Would you return the data below exactly as it stands, with every picture left out?

GIVEN DATA:
========================
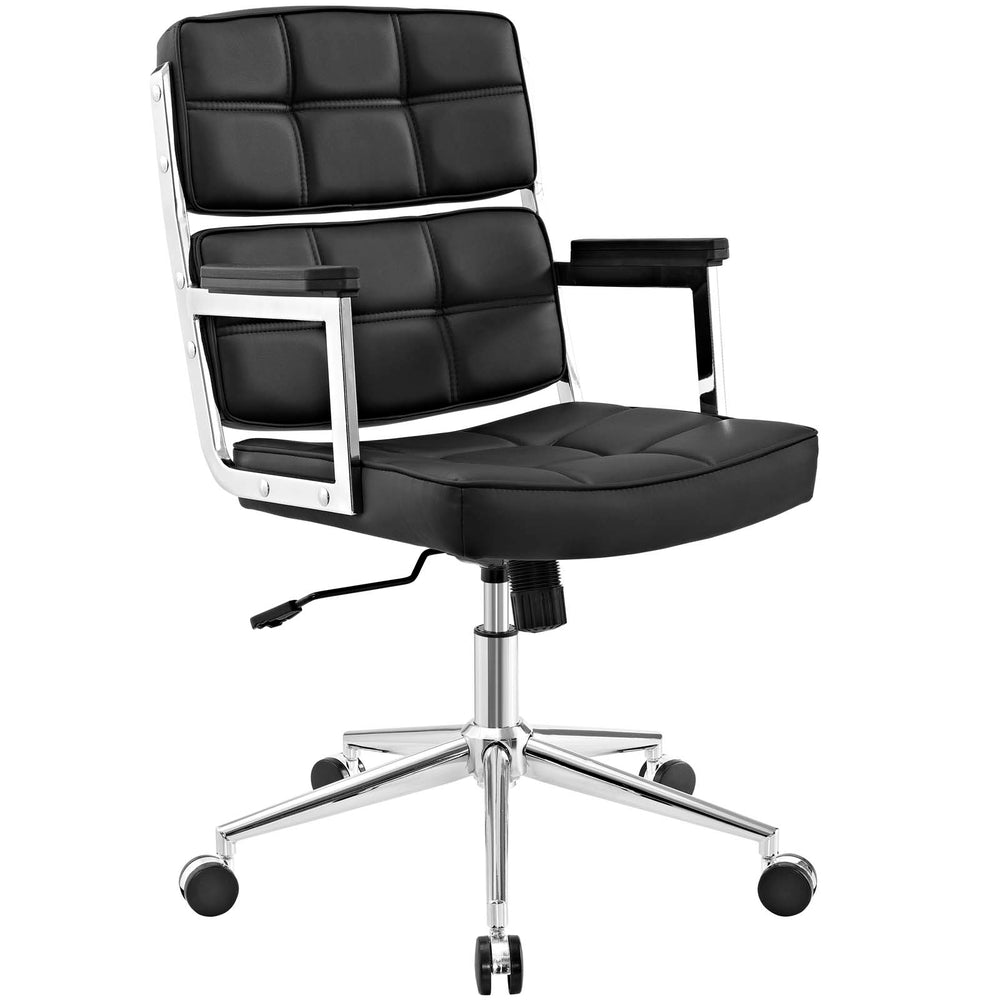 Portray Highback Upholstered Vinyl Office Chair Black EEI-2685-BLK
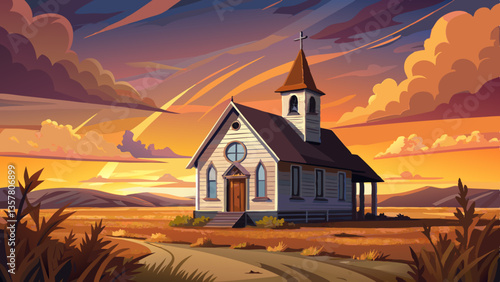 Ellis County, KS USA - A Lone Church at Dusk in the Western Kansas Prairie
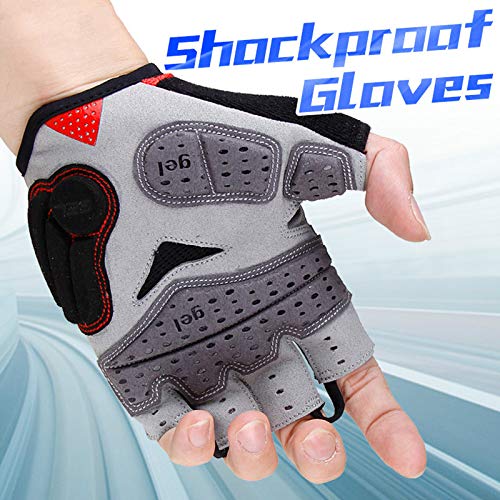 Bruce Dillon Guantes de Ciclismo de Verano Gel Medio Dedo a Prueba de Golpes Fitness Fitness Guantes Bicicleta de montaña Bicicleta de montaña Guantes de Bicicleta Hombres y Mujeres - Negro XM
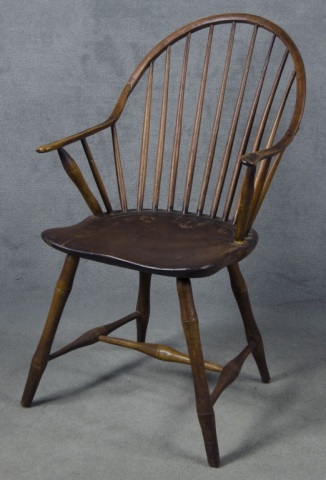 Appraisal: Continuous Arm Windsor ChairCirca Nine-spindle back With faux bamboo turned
========================
OUTPUT FOR THIS TASK:
 Portray Highback Upholstered Vinyl Office Chair Black EEI-2685-BLK
 Ellis County, KS USA - A Lone Church at Dusk in the Western Kansas Prairie
 Bruce Dillon Guantes de Ciclismo de Verano Gel Medio Dedo a Prueba de Golpes Fitness Fitness Guantes Bicicleta de montaña Bicicleta de montaña Guantes de Bicicleta Hombres y Mujeres - Negro XM
 Appraisal: Continuous Arm Windsor ChairCirca Nine-spindle back With faux bamboo turned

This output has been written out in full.